Question accordingly negatived.

Question, That the proposed words be there added,put forthwith pursuant to Standing Order No. 30 (Questions on amendments), and agreed to.

MR. DEPUTY SPEAKER forthwith declared the main Question, as amended, to be agreed to.

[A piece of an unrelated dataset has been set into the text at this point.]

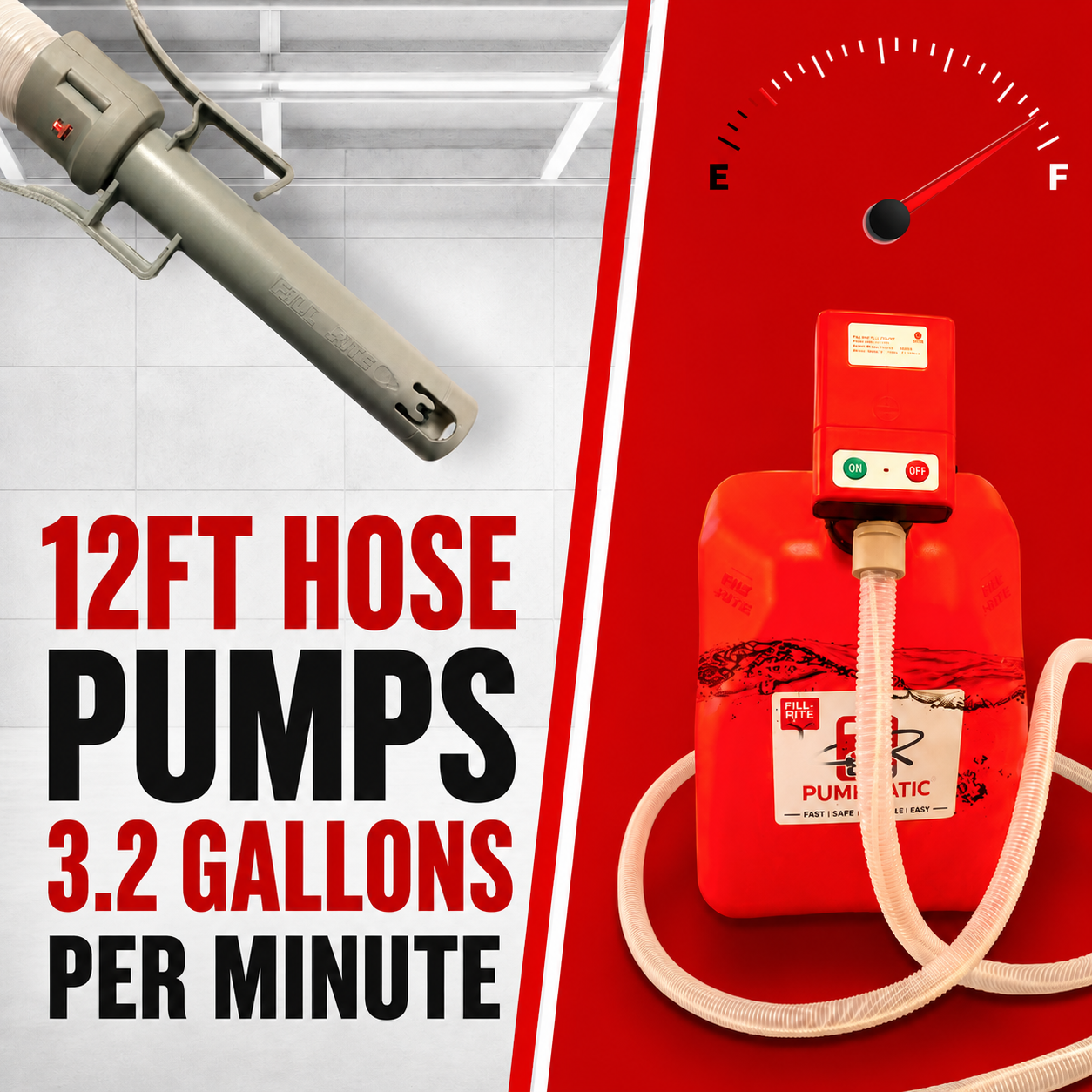 *New* PumpMatic Super Long Gas Pump w/ 12 Ft Hose - 3.2 GPM - Gas, Diesel, Kerosene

Resolved: That this House notes the Government's continuing commitment to housing policies designed to ensure that a decent home is within reach of every family, and in particular to promoting the growth of owner-occupation, widening choice for tenants, and improving value-for-money and targeting of public expenditure; and especially welcomes the measures announced by the Chancellor of the Exchequer in his Autumn Statement which—consistently with the need to maintain tight control of public spending in the interests of the economy and the taxpayer—will contribute to stabilizing the housing market, will increase the supply of social housing thereby helping homeless families, and will promote investment in renovation of run-down council estates.